### Goal of the exercise
Quote the lines of the data below verbatim, beginning at the line that contains "Vue rapprochée du" and ending at the last line, both included, and excluding pictures.

[Extracted data entries]

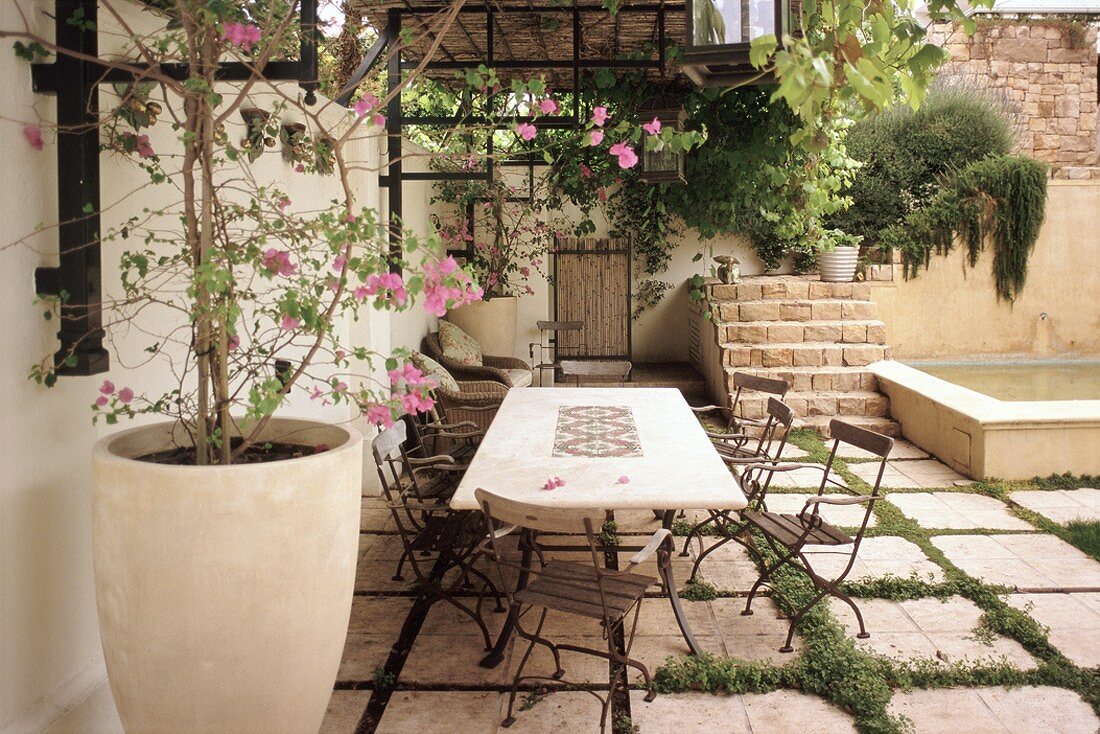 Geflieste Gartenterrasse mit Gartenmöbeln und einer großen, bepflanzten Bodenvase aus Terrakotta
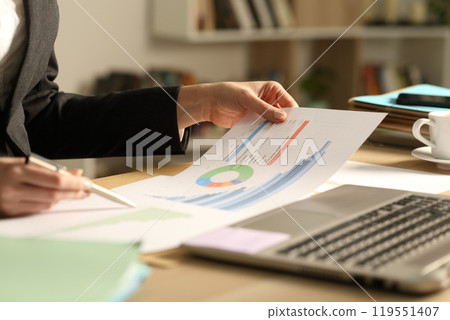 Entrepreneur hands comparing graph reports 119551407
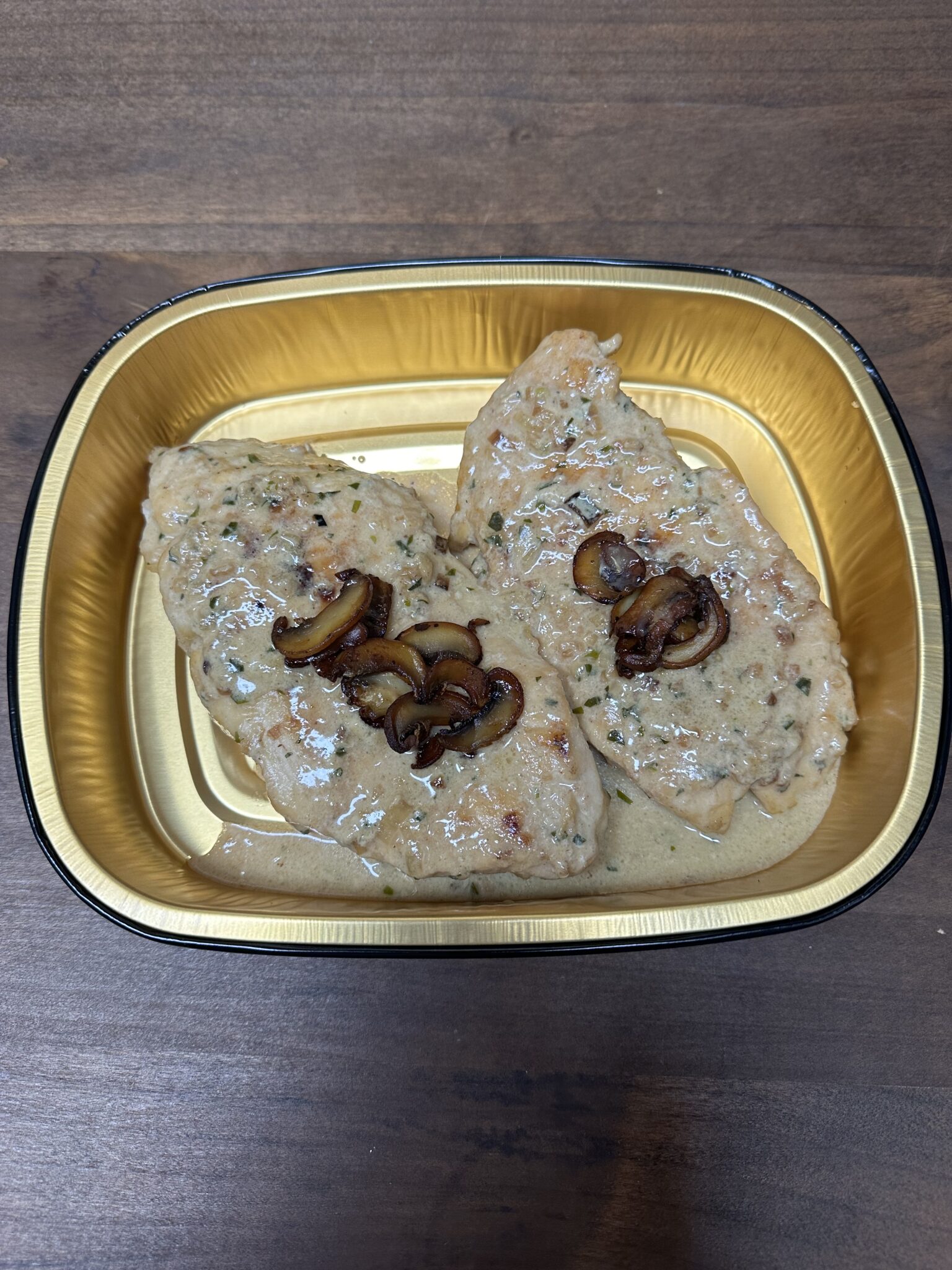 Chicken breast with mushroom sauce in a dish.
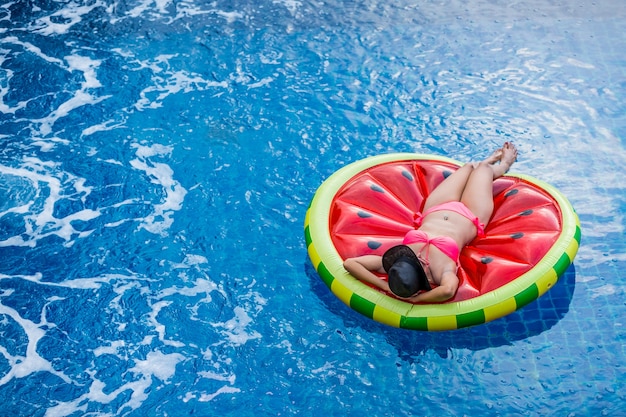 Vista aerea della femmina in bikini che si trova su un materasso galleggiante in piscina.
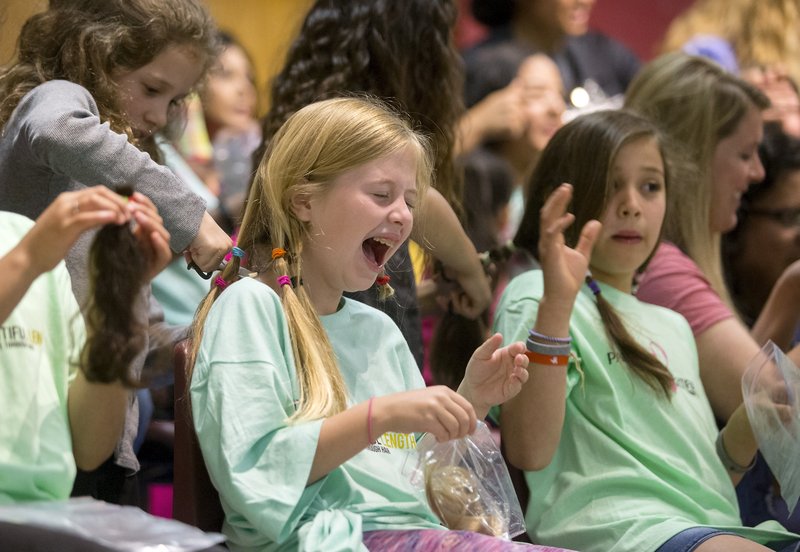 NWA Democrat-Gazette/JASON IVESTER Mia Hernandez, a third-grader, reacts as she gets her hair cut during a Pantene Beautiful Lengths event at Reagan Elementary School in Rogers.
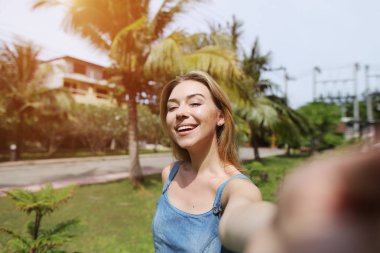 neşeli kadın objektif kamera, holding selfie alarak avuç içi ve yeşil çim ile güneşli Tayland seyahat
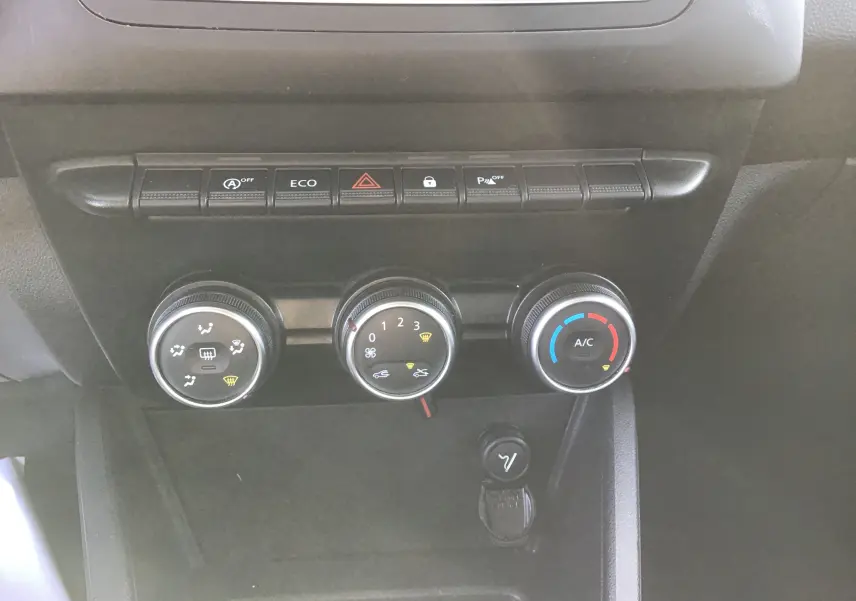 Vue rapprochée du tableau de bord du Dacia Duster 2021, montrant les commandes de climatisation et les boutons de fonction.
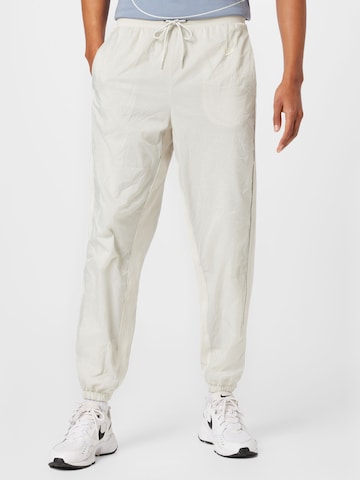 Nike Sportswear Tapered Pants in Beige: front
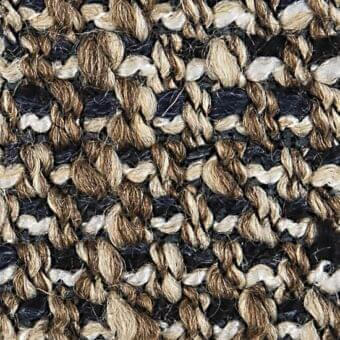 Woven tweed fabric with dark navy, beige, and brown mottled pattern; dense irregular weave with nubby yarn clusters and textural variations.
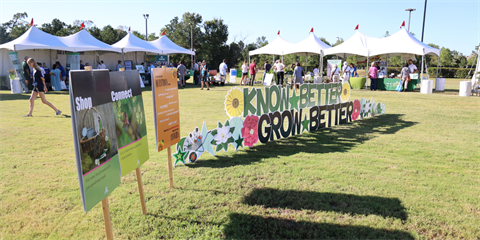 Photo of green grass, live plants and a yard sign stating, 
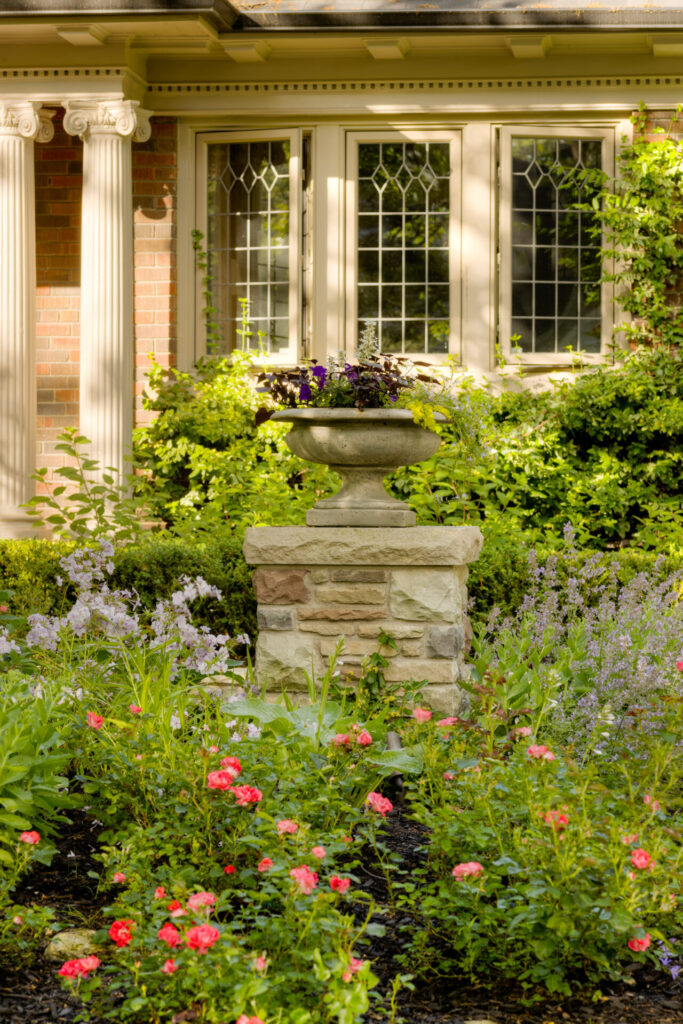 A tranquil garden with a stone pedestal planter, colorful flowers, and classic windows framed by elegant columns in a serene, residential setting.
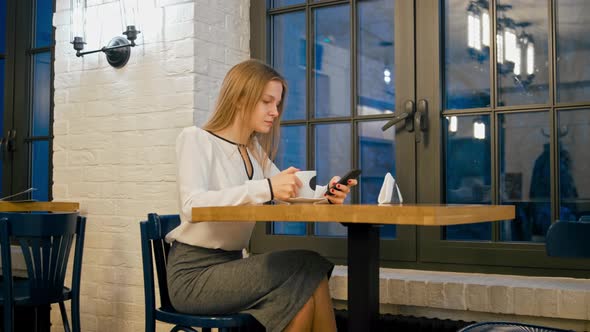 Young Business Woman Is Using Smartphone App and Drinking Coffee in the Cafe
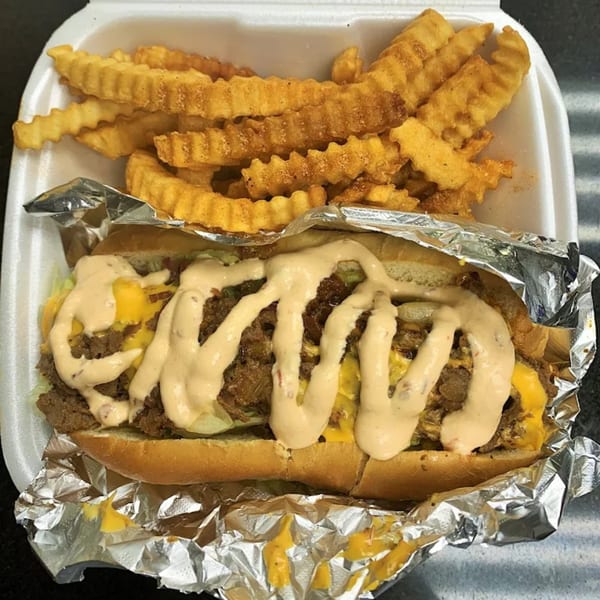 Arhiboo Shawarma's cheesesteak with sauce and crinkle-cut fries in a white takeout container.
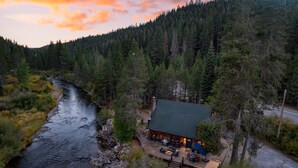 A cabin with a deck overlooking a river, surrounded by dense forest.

### Response to the exercise
 Vue rapprochée du tableau de bord du Dacia Duster 2021, montrant les commandes de climatisation et les boutons de fonction.
 Nike Sportswear Tapered Pants in Beige: front
 Woven tweed fabric with dark navy, beige, and brown mottled pattern; dense irregular weave with nubby yarn clusters and textural variations.
 Photo of green grass, live plants and a yard sign stating, 
 A tranquil garden with a stone pedestal planter, colorful flowers, and classic windows framed by elegant columns in a serene, residential setting.
 Young Business Woman Is Using Smartphone App and Drinking Coffee in the Cafe
 Arhiboo Shawarma's cheesesteak with sauce and crinkle-cut fries in a white takeout container.
 A cabin with a deck overlooking a river, surrounded by dense forest.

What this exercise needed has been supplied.